Romania is facing a series of undesirable records, as 45 percent of young Romanians live in severe housing shortage, while the percentage at European level is four times lower, shows a diagnostic study on quality, sustainable and affordable housing launched by the Economic and Social Council (CES).

Also, one in five households spends more than 60 percent of their income on rent, double the European average. The study recommends the adoption of ten key indicators of maximum national relevance regarding quality housing and the establishment of public policy targets for their improvement.

Following a nine-month analysis conducted by consulting technical experts and representative organizations in the field, the Economic and Social Council released the study "Housing in Romania: improving quality, sustainability and accessibility. Diagnostic study and recommendations for relevant public policies and regulation".

"It is the first time in nine years that CES takes ex officio action about a current social and economic phenomenon and carries out a complex analysis thereof. I welcome this new proactive orientation of CES and we assure public institutions that we are a reliable partner in the participatory development of quality public policies in Romania," said CES president Bogdan Simion.

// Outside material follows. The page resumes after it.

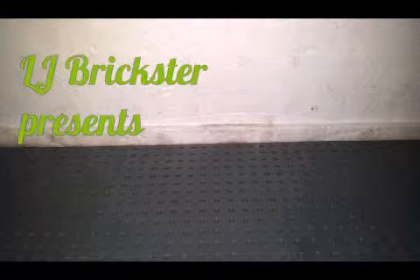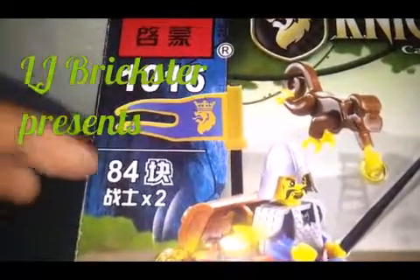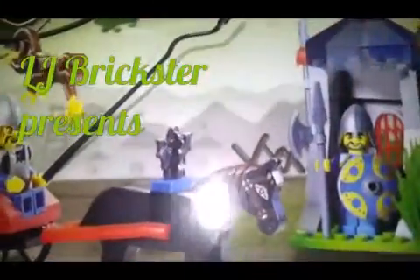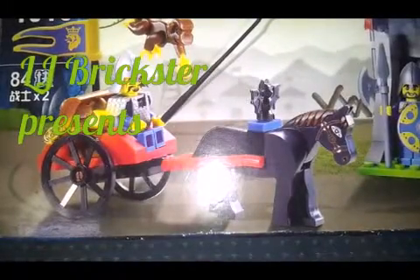Hey there, EllieBrickster here and I have a new set to be reviewed. This is an inviting set, set number 1016. It has 84 pieces in it and 2 minifigures. This set looks cool and I got this because I recently been in the top 5 for our class.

"Government assistance to poor groups is inadequate, and social housing allocation is non-transparent, as homes go especially to those with high incomes. Romania has ratified a series of international treaties that address issues related to decent housing for vulnerable groups and the right to housing, which are examined in this study, but in practice it does not fulfill its obligations deriving from these regulatory acts," argue the authors of the study.

The document recommends amending the Housing Law to introduce obligations and sanctions for county and local authorities responsible for social housing, prohibiting the sale of public housing until the deficit of social housing decreases considerably, stopping sales of all housing built for the youth and granting local authorities pre-emption right for the purchase of housing units or residential buildings, especially of those intended for social housing.

Although 91 percent of the existing building stock consists of residential buildings, only 8 percent of single-family residential buildings have been renovated in the urban environment and just 3 percent thereof in the rural environment; the share is just 14 percent in the case of collective buildings. In practice, the quality of renovations is verified for only 10 percent of the few buildings where such works are being carried out.